O Anarco-Fundamentalismo e a superação do dogma ideológico



Fundamentalismo é o apego literal e acrítico às raízes doutrinais de um credo ou ideologia, sem maior capacidade de adaptação, interpretação ou flexibilização. Embora se costume hoje atribuir o tema à religião, sabidamente ele se estende a toda forma de doutrina.
O que seria, neste caso, um comportamento oposto ao fundamentalismo? Citemos:


“Ao contrário do que se imagina, o anti-fundamentalismo não seria exatamente o liberalismo, e sim o modernismo. Ora, mesmo na espiritualidade se reconhece a necessidade da atualização das doutrinas, sem o que sequer seria possível vivenciar bem ideias que se originam necessariamente num dado contexto histórico. A maior prova disto seria, talvez, a própria doutrina hindu sobre o advento cíclico dos avatares.” (“Do fundamentalismo e outros desvios”, Salvi).
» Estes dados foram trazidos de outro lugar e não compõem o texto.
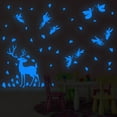 thumbnail image 3 of Christmas Elf Wall Art Stickers Fairy Bee Wall Sticker Kids Room Decor Sika Deer Christmas Door Decal for Wall Glow in the Dark (Pink,8x10 inch), 3 of 7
Ora, se até mesmo as religiões, que seriam fundadas por figuras supostamente divinas detentoras de grande poder de síntese, recebem adaptações cíclicas e geográficas em várias escalas, que dizer de doutrinas elaboradas por filósofos de menor alcance e capacidade? É mais do que óbvio e ululante que estas visões-de-mundo necessitam ser sistematicamente adaptadas e também completadas com o passar dos tempos.


O comportamento “conservador” leva basicamente a tentar repetir modelos empregados na época da criação da doutrina –e cabe levar em conta que nisto se incluem também as doutrinas reformadas já em desuso ou naturalmente desviadas. Os desvios são comuns nas atitudes do leigo ou do falso-filósofo.
Como se manifesta, pois, o fundamentalismo anárquico? Ora, em função desta cegueira histórica, o fundamentalismo leva a atitudes radicais e extemporâneas. E como o anarquismo costuma ter muito mais a ver com o deixar-de-fazer-coisas (a própria palavra “anarquia” é em si uma negação de algo) do que com empreendimentos, então uma das formas mais notórias de expressão anarco-fundamentalista é, justamente, o nada-fazer...
Face as dificuldades de ter atitudes objetivas, o anarco-fundamentalista tem se convertido quase num simples “moralismo social”. Citemos:


“O antropólogo anarquista David Graeber distinguiu as duas filosofias da seguinte forma: 1. O Marxismo tornou-se um discurso teórico ou analítico sobre a estratégia revolucionária. 2. O Anarquismo tornou-se um discurso ético sobre a prática revolucionária” (“Do fundamentalismo e outros desvios”, Salvi).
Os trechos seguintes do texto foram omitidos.